All of the data should be output character for character, except the pictures.

[GIVEN INFORMATION]
○ ○ ○ ○ ○ ○ ○
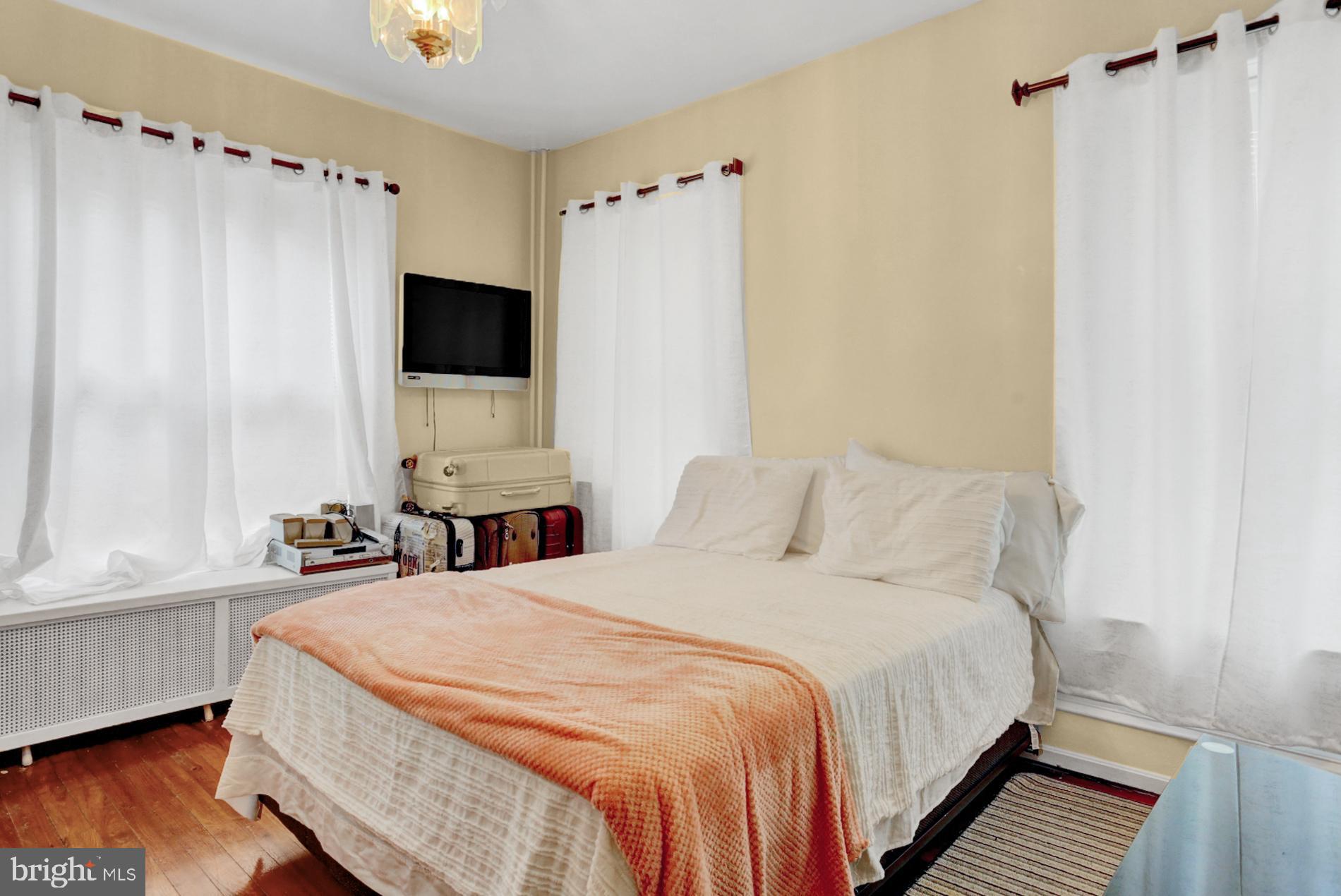 1742 Mineral Spring Road Reading, PA 19602 - Photo 22 of 31 a bedroom with a bed and a flat screen tv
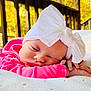 Ellie joined the competition — help win amazing prizes! baby, sleeping, white_bow, pink_clothing, blanket, porch, wooden_railing, autumn_leaves, outdoor, closeup, face, hand, infant, cozy, soft_texture, natural_light, peaceful, portrait, child, relaxation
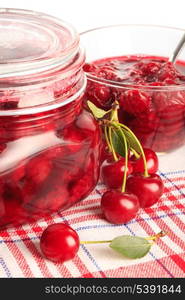 Cerry jam with fresh fruits isolated on white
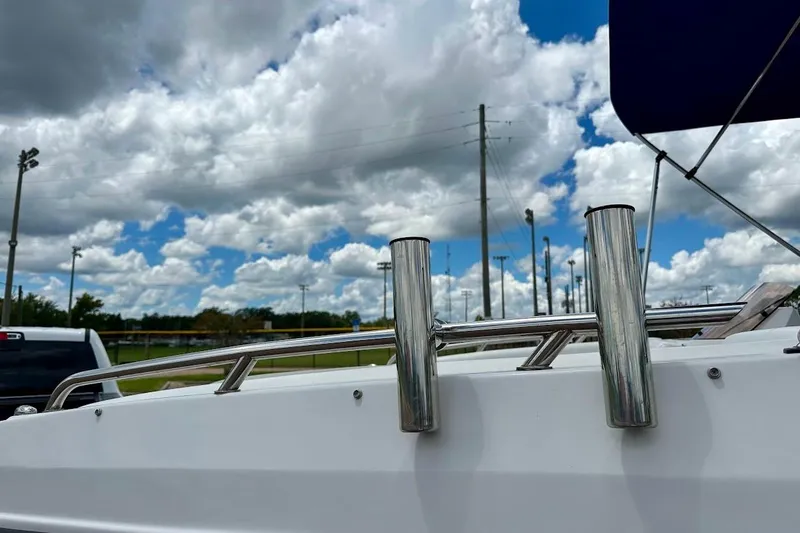 Slide: The Image of 2023 Starcraft SVX 171 OB boat railing under cloudy sky. - 7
○ ○ ○ ○ ○ ○ ○
[RESPONSE TO THE TASK]
 1742 Mineral Spring Road Reading, PA 19602 - Photo 22 of 31 a bedroom with a bed and a flat screen tv
 Ellie joined the competition — help win amazing prizes! baby, sleeping, white_bow, pink_clothing, blanket, porch, wooden_railing, autumn_leaves, outdoor, closeup, face, hand, infant, cozy, soft_texture, natural_light, peaceful, portrait, child, relaxation
 Cerry jam with fresh fruits isolated on white
 Slide: The Image of 2023 Starcraft SVX 171 OB boat railing under cloudy sky. - 7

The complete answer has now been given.